Explain the innervation of muscle spindles. What is a consequence of ‘large fibre sensory neuropathy’?

A

Innervated by 1 gamma motor neurone, which keeps fibres taught and changes sensitivity by changing tensity. 2 sensory neurones - type Ia relays rate of change in muscle length back to CNS and type II provide position sense).

Large fibre sensory neuropathy results in being unable to perform small movements accurately without vision.

51
Q

What are the names of the two ways to control muscle force?

A

Size principle and rate load.

52
Q

What is ‘size principle’ in terms of controlling muscle force?

A

Small motor neurones are recruited before large, so motor neurones with mostly fibre types: slow type I –> fast type IIa –> fast type II X are utilised.

53
Q

How does ‘rate code’ control muscle force?

A

More action potentials lead to more force, with subsequent action potentials summated up to a limit called tetany, where no further force can be stimulated.

54
Q

What term describes the state of healthy muscles never being fully relaxed (except in R.E.M. sleep), retaining an amount of stiffness and function?

A

Muscle tone.

Baseline tone is due to motor neurone activity and muscle elasticity.

55
Q

What is hypotonia and what may cause it?

A

It’s a symptom where skeletal muscle lacks tone, e.g.

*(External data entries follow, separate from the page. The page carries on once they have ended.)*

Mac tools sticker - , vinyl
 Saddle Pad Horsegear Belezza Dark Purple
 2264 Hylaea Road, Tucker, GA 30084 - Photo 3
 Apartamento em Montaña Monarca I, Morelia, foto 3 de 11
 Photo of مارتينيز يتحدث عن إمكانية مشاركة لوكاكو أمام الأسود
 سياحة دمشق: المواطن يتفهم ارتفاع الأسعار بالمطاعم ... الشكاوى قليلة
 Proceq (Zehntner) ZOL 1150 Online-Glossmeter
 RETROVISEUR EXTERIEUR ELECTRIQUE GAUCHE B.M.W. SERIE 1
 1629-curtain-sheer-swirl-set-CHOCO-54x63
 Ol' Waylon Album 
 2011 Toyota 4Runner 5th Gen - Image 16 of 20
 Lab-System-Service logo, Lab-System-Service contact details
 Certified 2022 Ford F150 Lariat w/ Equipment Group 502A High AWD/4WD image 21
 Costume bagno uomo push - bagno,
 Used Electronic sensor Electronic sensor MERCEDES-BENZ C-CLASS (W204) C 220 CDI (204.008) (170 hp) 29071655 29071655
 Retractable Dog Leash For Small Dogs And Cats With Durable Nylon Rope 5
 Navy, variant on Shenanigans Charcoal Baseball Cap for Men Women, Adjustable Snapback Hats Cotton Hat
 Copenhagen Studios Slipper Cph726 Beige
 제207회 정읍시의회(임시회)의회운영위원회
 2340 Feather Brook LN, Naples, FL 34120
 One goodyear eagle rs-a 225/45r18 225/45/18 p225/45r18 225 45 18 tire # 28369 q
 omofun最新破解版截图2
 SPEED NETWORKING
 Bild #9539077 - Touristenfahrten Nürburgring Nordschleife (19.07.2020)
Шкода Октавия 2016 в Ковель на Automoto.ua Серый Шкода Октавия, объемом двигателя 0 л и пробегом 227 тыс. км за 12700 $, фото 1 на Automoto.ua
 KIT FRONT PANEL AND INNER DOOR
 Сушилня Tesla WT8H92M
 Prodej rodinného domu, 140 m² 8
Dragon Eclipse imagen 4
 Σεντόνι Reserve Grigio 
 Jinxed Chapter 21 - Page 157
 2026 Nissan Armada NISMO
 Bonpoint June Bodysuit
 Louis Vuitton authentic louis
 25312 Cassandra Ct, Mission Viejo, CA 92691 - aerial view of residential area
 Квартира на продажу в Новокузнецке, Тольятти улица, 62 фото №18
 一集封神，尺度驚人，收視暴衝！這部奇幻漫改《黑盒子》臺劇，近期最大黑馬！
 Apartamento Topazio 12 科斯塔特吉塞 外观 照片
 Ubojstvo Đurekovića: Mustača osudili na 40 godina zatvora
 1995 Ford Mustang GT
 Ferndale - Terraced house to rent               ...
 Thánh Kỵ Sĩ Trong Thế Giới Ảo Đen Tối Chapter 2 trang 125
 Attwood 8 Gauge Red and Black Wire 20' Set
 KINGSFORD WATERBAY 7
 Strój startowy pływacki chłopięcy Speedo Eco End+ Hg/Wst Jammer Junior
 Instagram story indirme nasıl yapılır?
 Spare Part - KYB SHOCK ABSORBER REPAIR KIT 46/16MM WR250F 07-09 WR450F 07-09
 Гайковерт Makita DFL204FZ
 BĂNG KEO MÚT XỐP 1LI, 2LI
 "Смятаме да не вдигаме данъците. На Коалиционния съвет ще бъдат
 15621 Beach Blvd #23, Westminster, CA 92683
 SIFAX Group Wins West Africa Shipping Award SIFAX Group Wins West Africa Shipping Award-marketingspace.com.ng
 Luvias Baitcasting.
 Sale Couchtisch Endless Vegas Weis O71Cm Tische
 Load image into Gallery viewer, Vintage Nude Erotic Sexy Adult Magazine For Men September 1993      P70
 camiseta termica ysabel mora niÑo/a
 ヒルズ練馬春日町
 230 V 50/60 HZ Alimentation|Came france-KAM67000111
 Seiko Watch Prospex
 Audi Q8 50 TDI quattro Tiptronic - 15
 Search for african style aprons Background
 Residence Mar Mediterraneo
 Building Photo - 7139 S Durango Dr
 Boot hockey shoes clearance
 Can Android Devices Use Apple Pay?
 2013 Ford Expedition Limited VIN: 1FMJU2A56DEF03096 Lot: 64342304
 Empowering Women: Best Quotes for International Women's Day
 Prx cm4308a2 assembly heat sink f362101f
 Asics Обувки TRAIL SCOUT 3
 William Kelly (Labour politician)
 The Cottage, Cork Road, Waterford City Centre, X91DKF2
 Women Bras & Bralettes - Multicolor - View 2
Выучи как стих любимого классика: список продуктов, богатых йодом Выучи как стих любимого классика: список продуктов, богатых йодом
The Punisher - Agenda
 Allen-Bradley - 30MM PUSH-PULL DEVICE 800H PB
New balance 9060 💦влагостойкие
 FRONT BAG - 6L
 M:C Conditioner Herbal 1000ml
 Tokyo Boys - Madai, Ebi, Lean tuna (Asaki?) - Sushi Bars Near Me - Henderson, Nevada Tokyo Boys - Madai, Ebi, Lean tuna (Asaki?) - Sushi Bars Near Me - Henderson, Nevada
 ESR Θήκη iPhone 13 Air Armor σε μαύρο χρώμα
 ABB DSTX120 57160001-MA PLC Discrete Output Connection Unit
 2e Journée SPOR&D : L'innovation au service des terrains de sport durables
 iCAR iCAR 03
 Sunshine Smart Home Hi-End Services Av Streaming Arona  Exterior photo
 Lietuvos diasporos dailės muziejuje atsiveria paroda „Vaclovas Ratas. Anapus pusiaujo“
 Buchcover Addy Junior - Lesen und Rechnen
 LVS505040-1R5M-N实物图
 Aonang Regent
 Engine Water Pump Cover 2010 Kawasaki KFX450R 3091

In floppy baby syndrome or muscular dystrophies. Cause could be primary degeneration (myopathies), lesions of lower motor neurones or lesions of sensory afferents from muscle spindles or lesions of the cerebellum/cerebral or spinal shock.

56
Q

Outline what happens at the neuromuscular junction.

A

Action potential opens VOCC and triggers vesicles fusion and ACh release.
nAChRs open, so sodium flows into the muscle cell.
ACh rapidly broken down in cleft by AChE.
Depolarisation opens voltage-gated sodium channels in muscle cell, so muscle action potential is generated.

57
Q

Briefly outline excitation-contraction coupling.

How is relaxation facilitated?

A

Voltage gated calcium channels (DHP receptors) are concentrated in T tubules in contact with the sarcoplasmic reticulum at triads. Calcium release channels (ryanodine receptors) in SR are closely related to DHP receptors, allowing rapid signalling from action potential to calcium release. Calcium binds to troponin C, tropomyosin reveals actin binding site for myosin heads.
Relaxation facilitated by calcium being pumped out of cytosol by SERCA and PMCA.

58
Q

Permeability to which ions lead to the skeletal muscle action potential?

A

Chloride channels as well as potassium channels are present, so resting membrane potential is closer to Nernst equation for Cl-. Higher chloride permeability is important for relaxation after the action potential.

59
Q

Name and explain a channelopathy.

A

Myotonia Congenita happens where you can’t relax your muscles at will. A mutation in the chloride channel leads to muscle stiffness and hypertrophy enhanced by the cold and relieved by activity. Recessive or dominant. Often no treatment (occasionally anticonvulsants). Channel forms homodimer.

60
Q

What are the differing responsibilities of chloride and potassium/sodium ions in the membrane potential of the skeletal muscle cell and how is this affected in Myotonia Congenita?

A

Sodium and potassium permeabilities are the determinants of excitability, but 70% conductance of resting fibres is from chloride flow. In Myotonia Congenita, the buffering capacity of chloride is lost.

61
Q

What are the sources of ATP in muscles?

A

Short term stores in fibres, PCr, glycolysis and oxidative phosphorylation. Anaerobic glycolysis is inefficient, incomplete metabolism of glucose and the formation of lactate which can lead to acidosis.